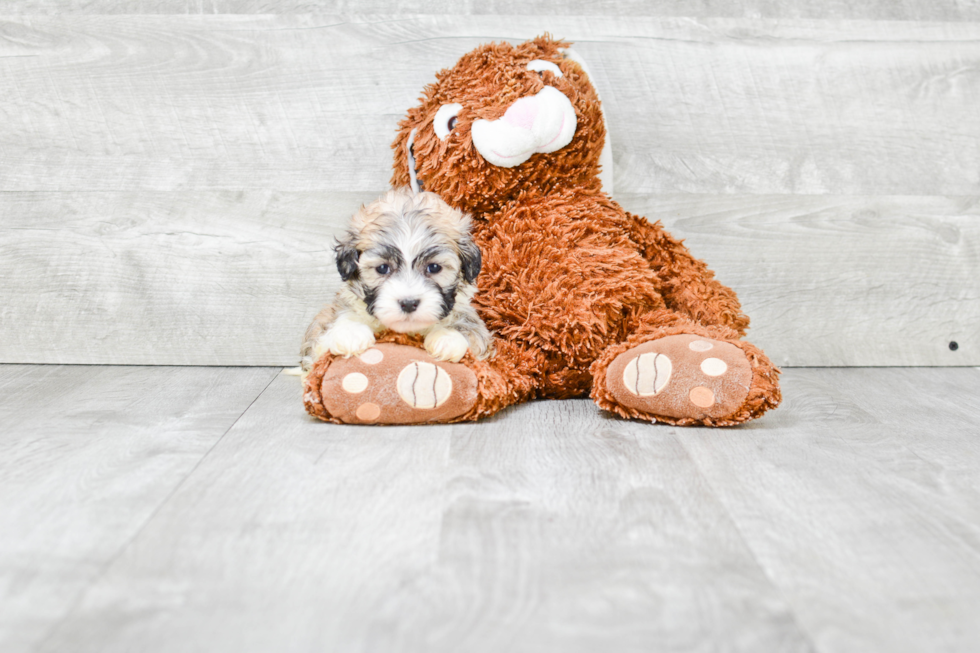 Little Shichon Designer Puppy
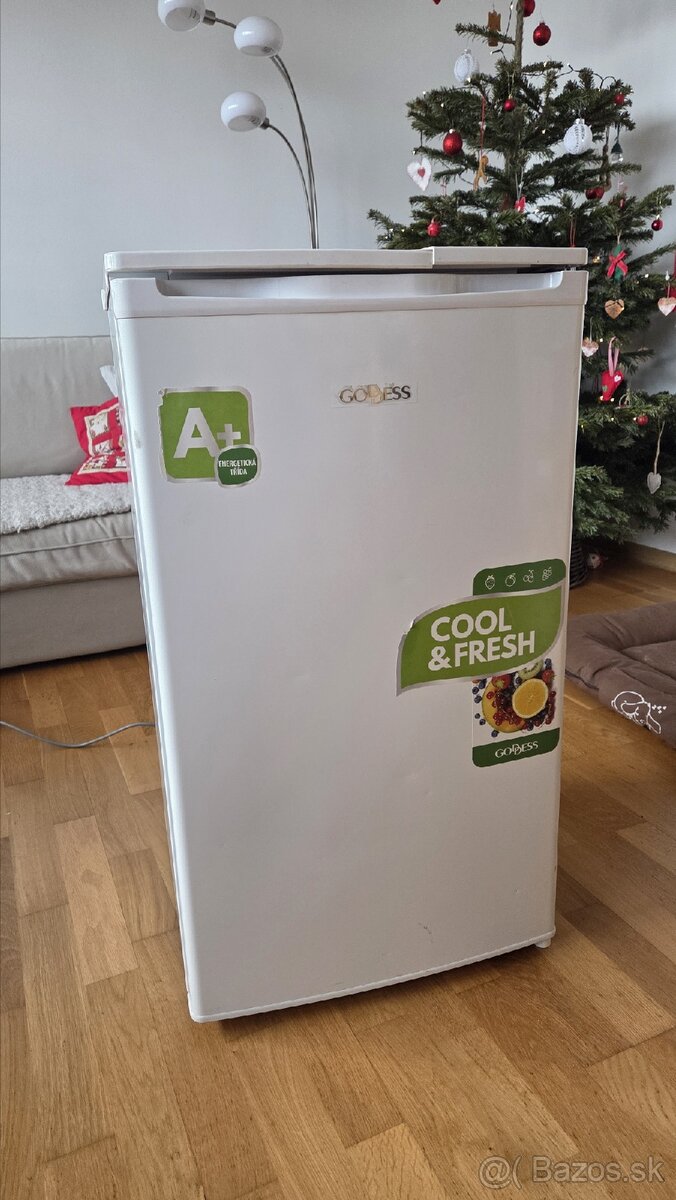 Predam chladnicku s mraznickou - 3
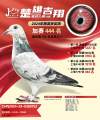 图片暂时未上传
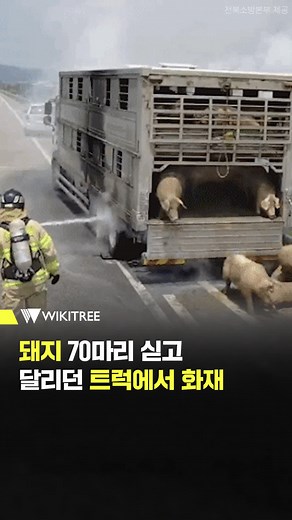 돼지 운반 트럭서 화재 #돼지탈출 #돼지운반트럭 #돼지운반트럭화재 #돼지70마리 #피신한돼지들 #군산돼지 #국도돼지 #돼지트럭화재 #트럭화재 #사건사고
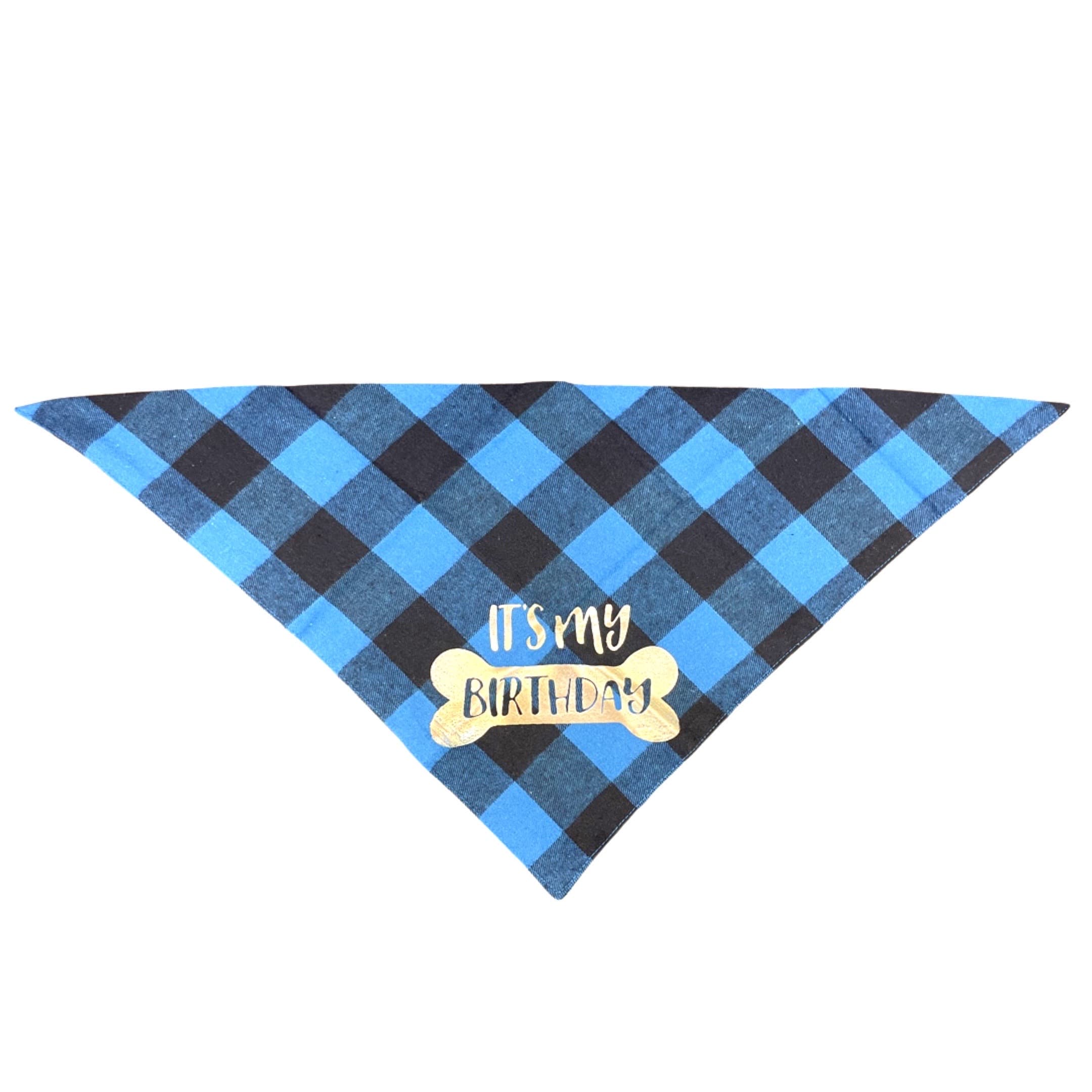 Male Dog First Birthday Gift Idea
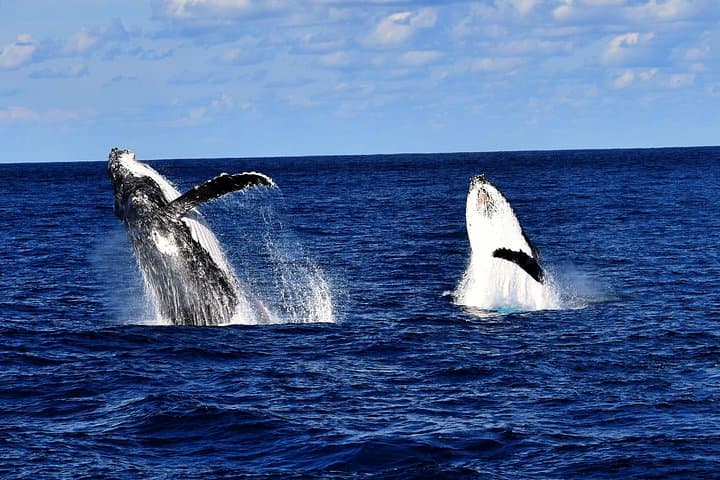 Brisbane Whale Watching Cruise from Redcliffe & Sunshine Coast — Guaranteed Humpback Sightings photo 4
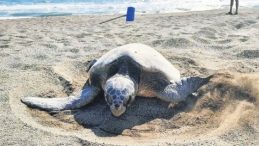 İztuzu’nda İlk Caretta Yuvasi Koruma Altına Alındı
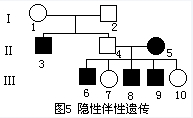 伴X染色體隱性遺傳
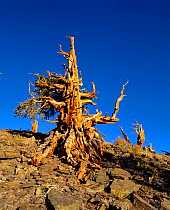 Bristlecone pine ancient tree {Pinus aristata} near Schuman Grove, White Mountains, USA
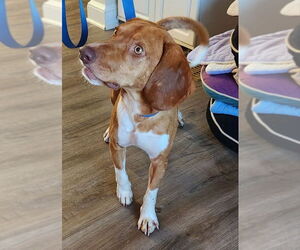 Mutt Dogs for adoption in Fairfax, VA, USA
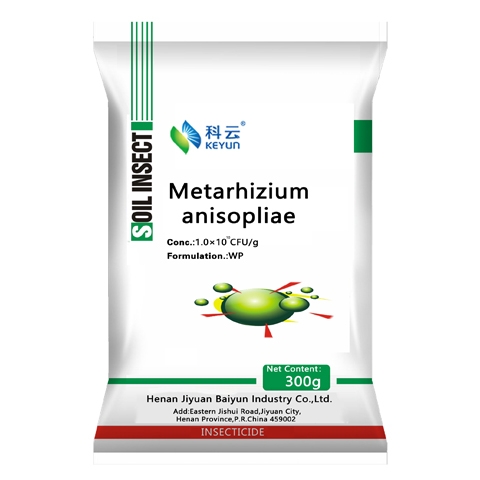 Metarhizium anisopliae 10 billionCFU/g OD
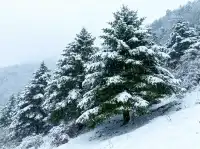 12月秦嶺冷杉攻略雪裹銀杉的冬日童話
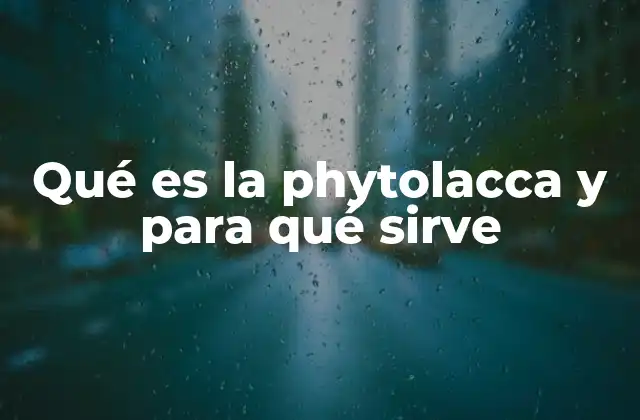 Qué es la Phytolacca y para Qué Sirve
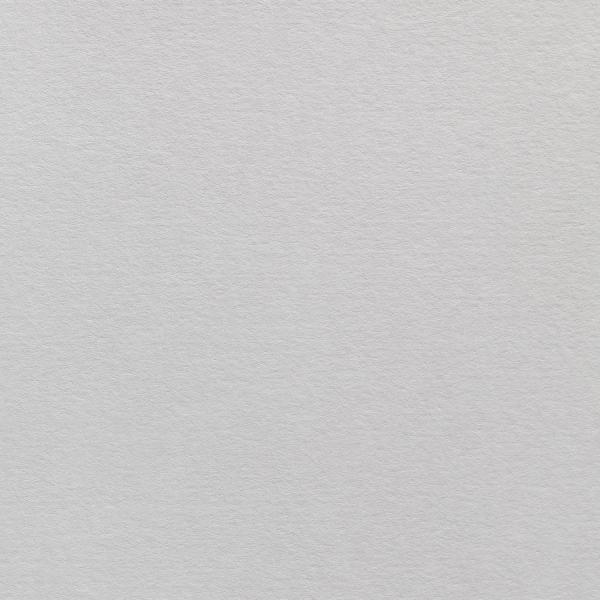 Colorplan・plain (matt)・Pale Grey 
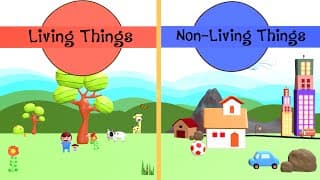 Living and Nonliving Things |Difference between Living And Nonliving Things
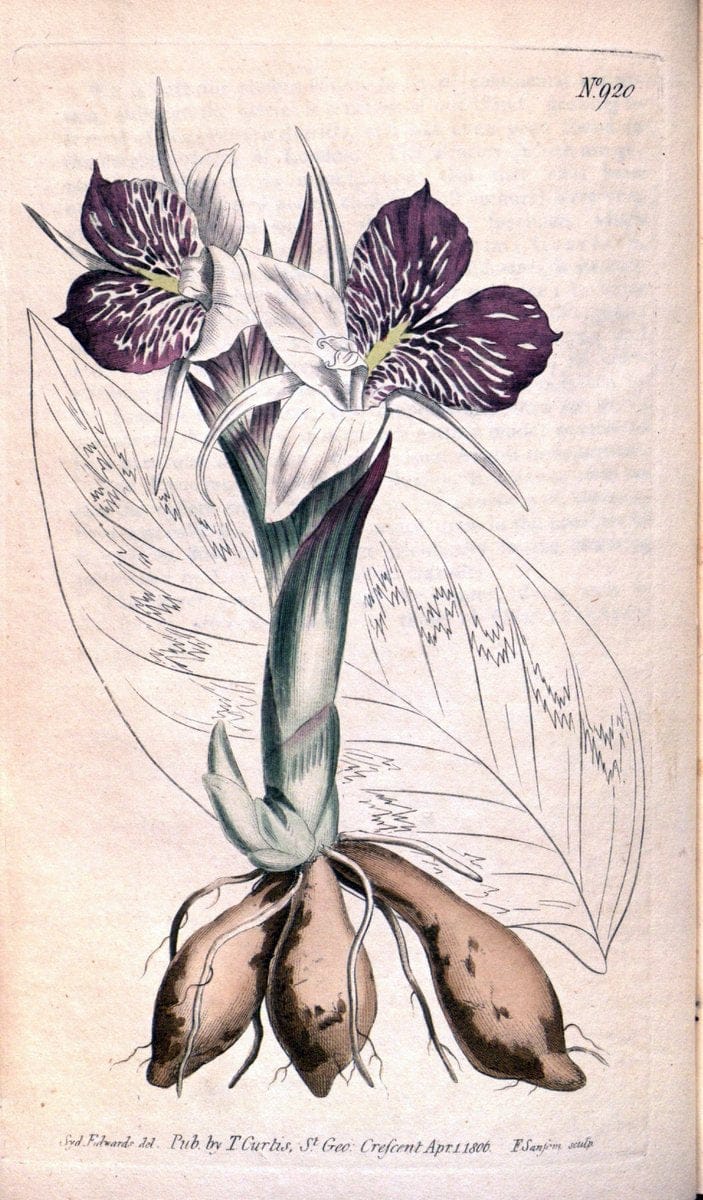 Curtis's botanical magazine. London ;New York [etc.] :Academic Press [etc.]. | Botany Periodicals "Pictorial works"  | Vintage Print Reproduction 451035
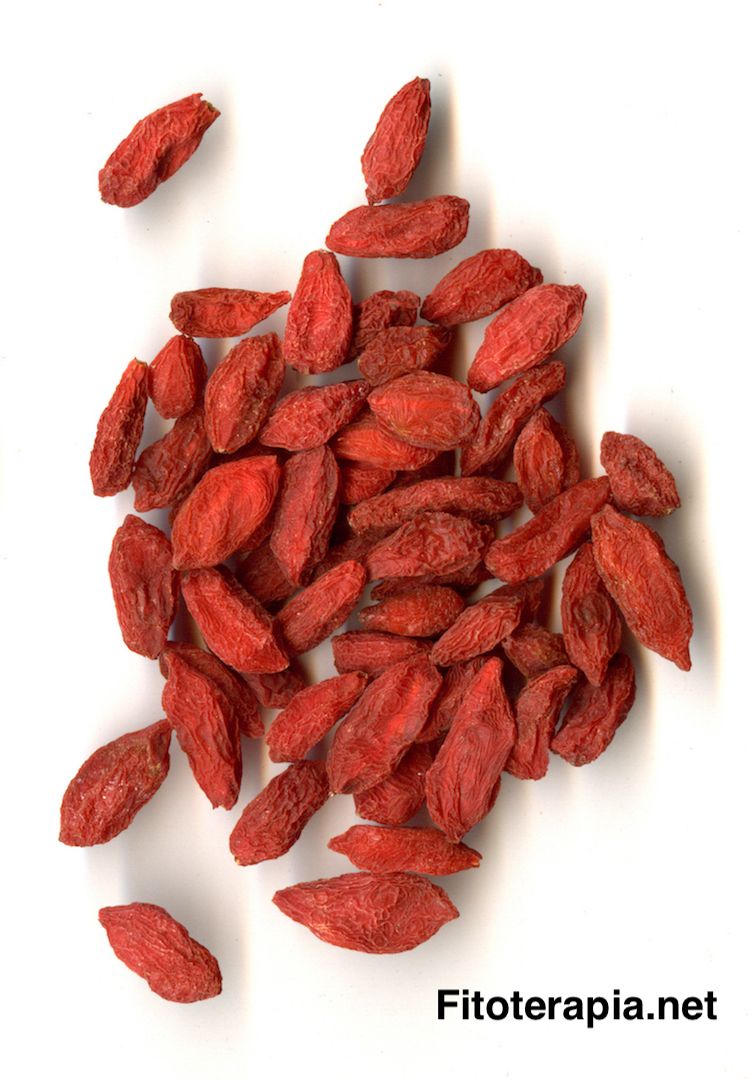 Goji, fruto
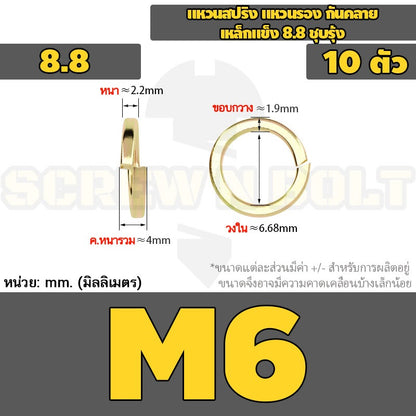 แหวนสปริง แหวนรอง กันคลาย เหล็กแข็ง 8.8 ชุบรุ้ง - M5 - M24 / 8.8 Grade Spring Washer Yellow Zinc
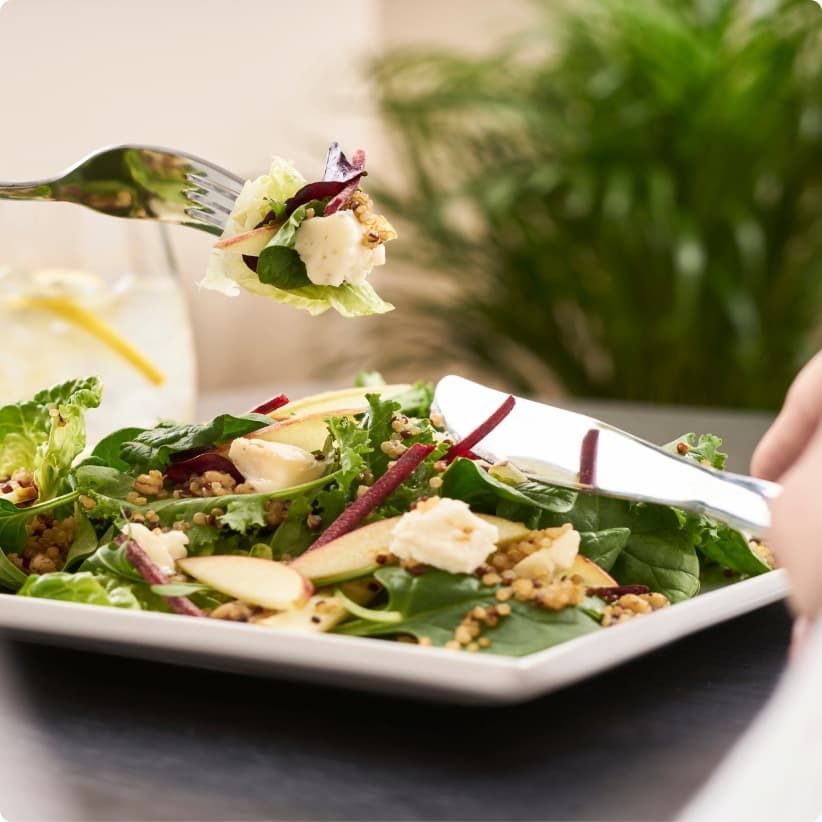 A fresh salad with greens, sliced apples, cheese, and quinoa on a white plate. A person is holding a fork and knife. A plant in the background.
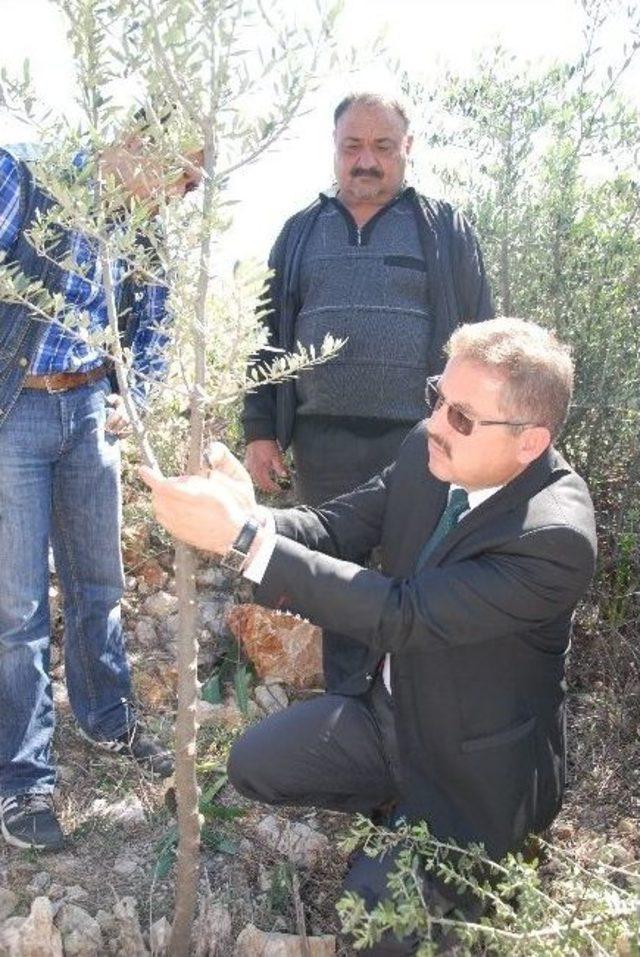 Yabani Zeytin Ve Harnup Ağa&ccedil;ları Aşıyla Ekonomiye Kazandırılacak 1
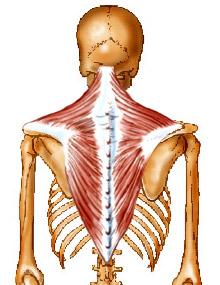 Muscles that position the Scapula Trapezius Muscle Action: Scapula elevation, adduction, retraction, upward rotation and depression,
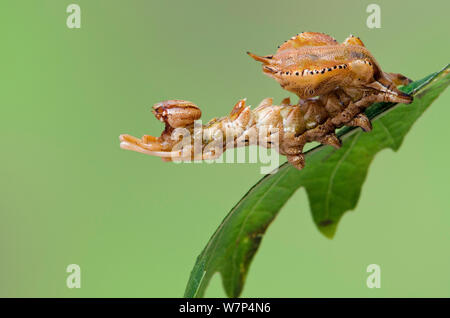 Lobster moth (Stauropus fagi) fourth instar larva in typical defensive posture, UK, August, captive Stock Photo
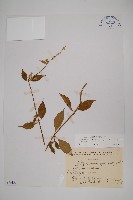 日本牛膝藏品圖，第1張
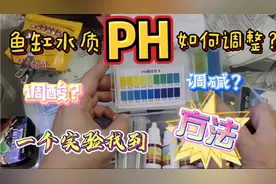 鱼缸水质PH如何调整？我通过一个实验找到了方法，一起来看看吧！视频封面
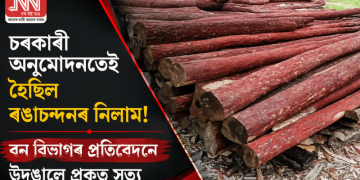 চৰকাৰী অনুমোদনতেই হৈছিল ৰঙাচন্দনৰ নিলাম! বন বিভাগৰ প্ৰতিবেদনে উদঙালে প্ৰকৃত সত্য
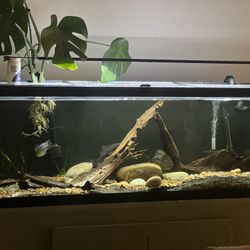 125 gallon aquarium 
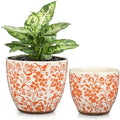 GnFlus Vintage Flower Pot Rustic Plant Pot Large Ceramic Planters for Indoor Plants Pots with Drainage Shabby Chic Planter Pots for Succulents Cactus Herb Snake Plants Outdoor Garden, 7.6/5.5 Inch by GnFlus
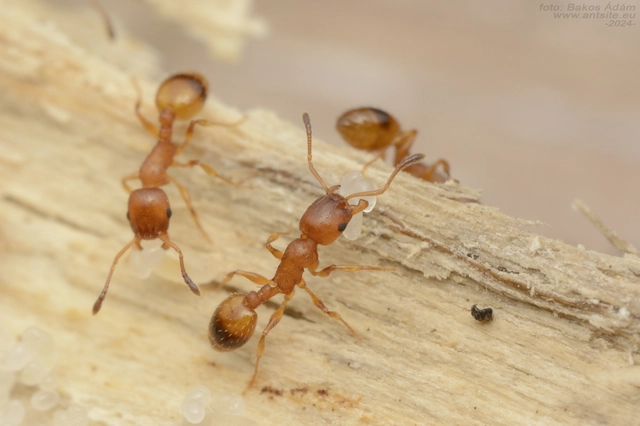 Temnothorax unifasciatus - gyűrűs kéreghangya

================================

> _EXERCISE DESCRIPTION_
Taking the entries above, copy word for word the lines from the one with "Colorplan・plain (matt)・Pale Grey" up to and including the one with "แหวนสปริง แหวนรอง กันคลาย", without any picture.

> _ANSWER TO THE PROBLEM_
 Colorplan・plain (matt)・Pale Grey 
 Living and Nonliving Things |Difference between Living And Nonliving Things
 Curtis's botanical magazine. London ;New York [etc.] :Academic Press [etc.]. | Botany Periodicals "Pictorial works"  | Vintage Print Reproduction 451035
 Goji, fruto
 แหวนสปริง แหวนรอง กันคลาย เหล็กแข็ง 8.8 ชุบรุ้ง - M5 - M24 / 8.8 Grade Spring Washer Yellow Zinc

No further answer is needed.